I think you are asking about how to transform various vector quantities between points attached to a rigid body. Here are a rundown of the rules of transformation between an arbitrary point A (located at $r_A$) and the center of mass C (located at $r_C$).
$$\begin{align}
v_C & = v_A + \omega \times (r_C - r_A) & & \text{linear velocity at C} \\
\dot{v}_C & = \dot{v}_A + \dot{\omega} \times (r_C - r_A) + \omega \times (v_C - v_A) & & \text{linear acceleration at C} \\
p & = m v_C & & \text{linear momentum}\\
L_C & = \mathtt{J}_C\, \omega & & \text{angular momentum at C} \\
L_A & = L_C + (r_C-r_A) \times p & & \text{angular momentum at A} \\
F & = \frac{{\rm d}}{{\rm d}t} p = m \dot{v}_C & & \text{net force on body} \\
M_C & = \frac{{\rm d}}{{\rm d}t} L_C = \mathtt{J}_C\,\dot{\omega}+ \omega \times \mathtt{J}_C\, \omega & & \text{net torque on body at C} \\
M_A & = M_C + (r_C-r_A) \times F & & \text{net torque at A}
\end{align}$$
Edit 1
If you combine the above you have
$$\begin{aligned} \begin{pmatrix}v_{C}\\
\omega
\end{pmatrix}&=\begin{bmatrix}1 & -[c\times]\\
0 & 1
\end{bmatrix}\begin{pmatrix}v_{A}\\
\omega
\end{pmatrix} \\ \begin{pmatrix}\dot{v}_{C}\\
\dot{\omega}
\end{pmatrix}&=\begin{bmatrix}1 & -[c\times]\\
0 & 1
\end{bmatrix}\begin{pmatrix}\dot{v}_{A}\\
\dot{\omega}
\end{pmatrix}+\begin{pmatrix}\omega\times\left(\omega\times c\right)\\
0
\end{pmatrix} \\
\begin{pmatrix}p\\
L_{A}
\end{pmatrix}&=\begin{bmatrix}m [1] & -m[c\times]\\
m[c\times] & \mathtt{J}_{C}-m[c\times] [c\times]

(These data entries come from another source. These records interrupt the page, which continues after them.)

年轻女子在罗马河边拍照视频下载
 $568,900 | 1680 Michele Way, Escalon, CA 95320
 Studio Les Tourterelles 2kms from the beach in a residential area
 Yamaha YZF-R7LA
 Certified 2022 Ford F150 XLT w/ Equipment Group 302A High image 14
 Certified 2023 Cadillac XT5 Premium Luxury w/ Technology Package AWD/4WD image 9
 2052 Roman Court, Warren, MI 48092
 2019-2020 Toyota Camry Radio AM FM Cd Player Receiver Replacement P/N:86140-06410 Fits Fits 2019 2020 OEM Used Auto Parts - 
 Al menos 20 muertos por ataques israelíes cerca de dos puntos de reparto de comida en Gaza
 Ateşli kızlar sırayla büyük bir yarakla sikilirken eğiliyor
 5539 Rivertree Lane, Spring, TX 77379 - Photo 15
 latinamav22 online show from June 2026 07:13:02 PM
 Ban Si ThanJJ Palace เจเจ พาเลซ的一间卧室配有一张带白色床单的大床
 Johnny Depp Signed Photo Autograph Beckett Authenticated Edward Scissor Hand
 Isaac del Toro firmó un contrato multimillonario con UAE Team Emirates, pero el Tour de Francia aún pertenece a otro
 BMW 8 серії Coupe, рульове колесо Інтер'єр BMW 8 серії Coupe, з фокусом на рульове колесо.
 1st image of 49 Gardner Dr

\end{bmatrix}\begin{pmatrix}v_{A}\\
\omega
\end{pmatrix} \\ \begin{pmatrix}F\\
M_{A}
\end{pmatrix}&=\begin{bmatrix}m[1] & -m[c\times]\\
m[c\times] & \mathtt{J}_{C}-m[c\times] [c\times]
\end{bmatrix}\begin{pmatrix}\dot{v}_{A}\\
\dot{\omega}
\end{pmatrix}+\begin{bmatrix}[1] & [0]\\
[c\times] & [1]
\end{bmatrix}\begin{pmatrix}m\left(\omega\times\left(\omega\times c\right)\right)\\
\omega\times\mathtt{J}_{C}\omega
\end{pmatrix}
\end{aligned}$$
where $c = r_C-r_A$ is the relative CM location, and $[c\times] = \begin{vmatrix} 0 & -z & y \\ z & 0 & -x \\ -y & x & 0 \end{vmatrix}$ is the 3×3 cross product operator, and $[0]$, $[1]$ are the 3×3 zero and identity matrices.